Many years ago, I had a yoga teacher who reproached me for not trying hard enough when I was at a point where just showing up while struggling with the inertia and exhaustion of depression took a lot of effort. If he'd asked I would've told him, but he presumed he fully comprehended what I should be doing and what my capacity was. You cannot learn what you assume you already know, and you cannot teach well if you cannot learn. I never took his class again.
This reminds me of the others who affirm that if you're not focused on their particular cause (or them) You Don't Care when it's actually that you're working your heart out on some other cause (or person or project) That Also Matters. But mostly this is a post about the fact that mostly we don't fully know what's going on with other people (sometimes they don't know themselves) and the assumption it's about you is often wrong. As is, often, any assumption that you know what it's about. The sister of the "presumption of innocence" is "the benefit of the doubt," but the doubt is in your own comprehension, even if the benefit is to others.
Not knowing is one of the hardest things for people to master, it often seems, in an era when people like to jump to conclusions in the opposite of a leap of faith. We fill in not-knowing with all kinds of assumptions, assertions, projections, because not knowing is about confronting the essentially mysterious nature of life and consciousness, about the fact that we have to navigate by guesswork, prepare to be wrong, and at best be open to discovery. Even if you ask someone how they are, there may be reasons why they can't or won't give a full answer.
We walk in fog; we walk on a twisting path through an intricate landscape and cannot see what is ahead; we walk through forests in which we cannot see past the first few stands of trees but know that life is going on there. We don't fully know who we ourselves are, who others are, what's going to happen, what else is happening, how something will play out. And if you're already stuffed full of assumptions there's no room for discovery. Not knowing is the openness and spaciousness that can reside in mystery or invite in understanding.

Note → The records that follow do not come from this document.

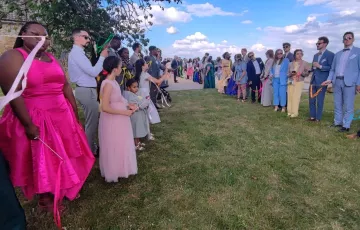 Haie d’honneur mariage coloré et exotique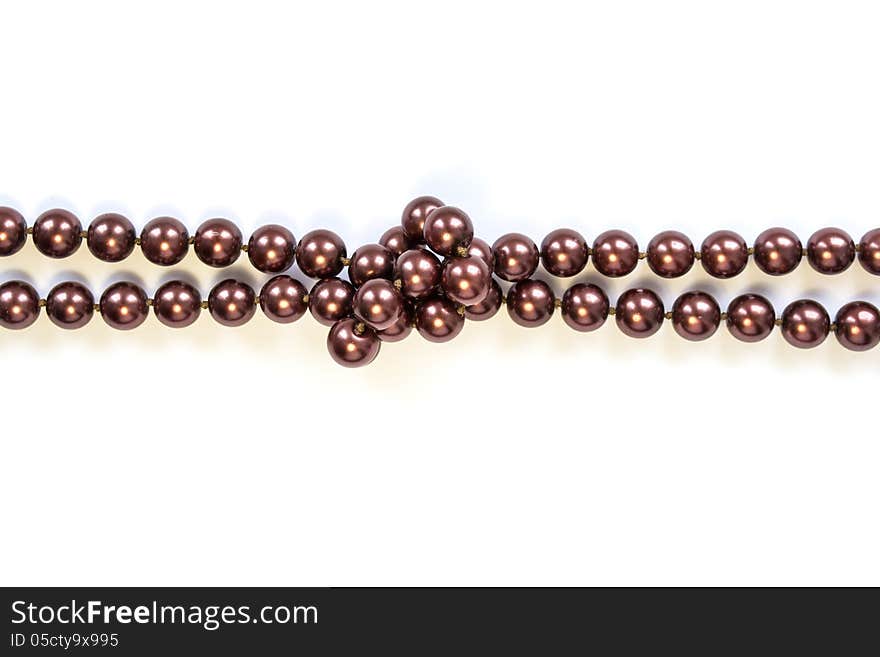 Knotted bead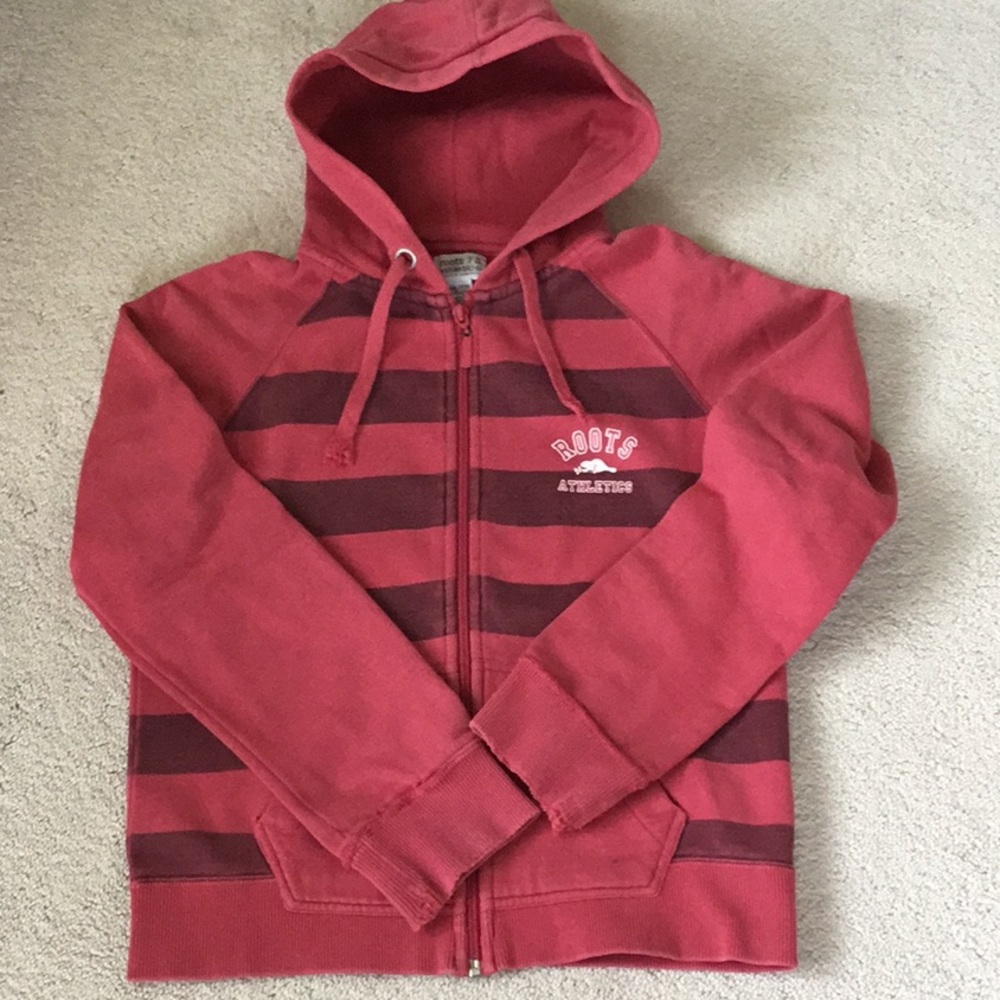 ROOTS zip up hoodie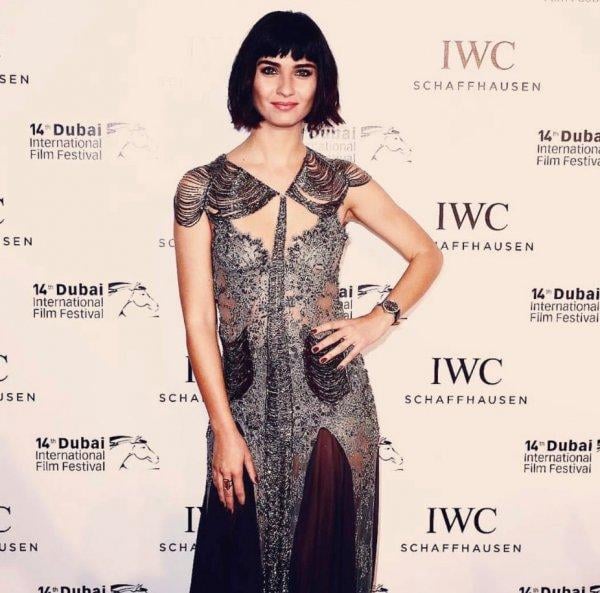 Tuba Büyüküstün doğal haliyle büyüledi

p.s. A related thing is when people make assumptions about your family member, partner/ lover/spouse, boss, coworker/ collaborator, or other figure based on comparatively casual acquaintance. Or someone of high status who assumes that the person who treats them well treats everyone well, when they have a different face if you're very young or old or female or poor or nonwhite or non-English-speaking or disabled. (We see this so much around sexual abuse.) You don't know how someone is in different circumstances, and often someone who is good at friendship can be terrible at partnership; someone who is fun in public has terrible anxiety or terrible rage in private, and so forth.
The less you assume the more you can know. Knowing you don't is a huge gift to everyone, yourself included.